= Dia dos Namorados =

National holiday in Brazil

Dia dos Namorados (/pt-BR/, Lovers' Day) is a special date celebrated on June 12 in Brazil, usually with gifts, romantic activities, decorations and festivities.

The 12th day of June was chosen because it foregoes the day of Saint Anthony, who is traditionally associated with love, lovers and marriage in that country's predominantly Catholic culture. The term "Dia dos Namorados" is also used in other Portuguese-speaking countries to refer to Valentine's Day.

==Background==

Anthony of Padua, venerated as Saint Anthony, died on June 13, 1231, in Padua, Italy. In addition to having been canonized as a saint by the Catholic Church, Anthony of Padua is symbolically and reverently recognized as a general of the Brazilian Army, though not a patron thereof. In Brazil, Lovers' Day is celebrated on June 12, which is Saint Anthony's Eve. The saint is said to bless young couples' marriages with joy and prosperity. Celebrations for the day in Brazil are similar to those for Valentine's Day in most other countries: typically, couples exchange romantic gifts, such as chocolates or flowers, and they may also participate in a nightly date; in addition, beautifying home decorations is also common. The day is festive, with colorful street decorations, and sometimes parades and carnivals. Common folk-musical celebrations include samba and live rock concerts, among others. In the years 2011, 2012 and 2017, Google celebrated the date with doodles.

Dia dos Namorados as a celebration for lovers is closely related to observances of Saint Anthony's Day. Although said day is celebrated in some countries on January 17 in association with Anthony the Great, Saint Anthony (of Padua)'s Eve, also known simply as Saint Anthony's Day, is a day of religious observance for many in Brazil and Portugal. Single women traditionally perform folk rituals, called simpatias (lit. 'sympathies', i.e., "meant to obtain the sympathy of the saint"), in order to find a good husband or boyfriend.

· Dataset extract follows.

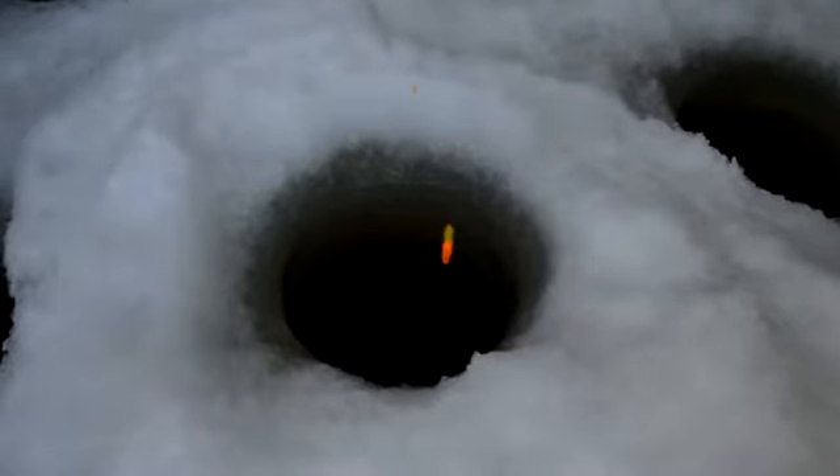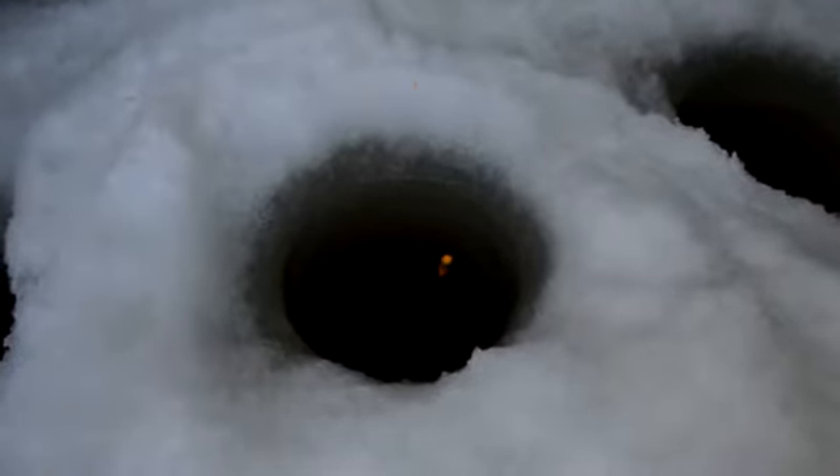You can see how I've got this set so it floats that jig exactly perfect. If a fish touches it at all, I can see it. And you can actually watch the bait work that bobber.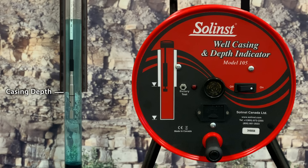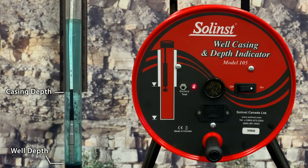Next we'll show the model 105 probe total well depth indicator function. The probe is lowered slowly and steadily right to the base of the well or borehole. At that point, the probe plunger is depressed, causing the Solence Alert and indicator light to beep and flash at a much slower rate than the casing detector function.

In addition to prayer on the Eve, one might conceal a love letter in a pot of basil to pass to a prospective suitor.

February 14's Valentine's Day is not celebrated in Brazil at all because it usually falls close to the Carnival, which is celebrated in most other countries annually during the four days before Ash Wednesday, falling between February 4 and March 10 depending on the year.

In other Portuguese-speaking countries, Valentine's Day is also referred to as Dia dos Namorados, but is celebrated on February 14.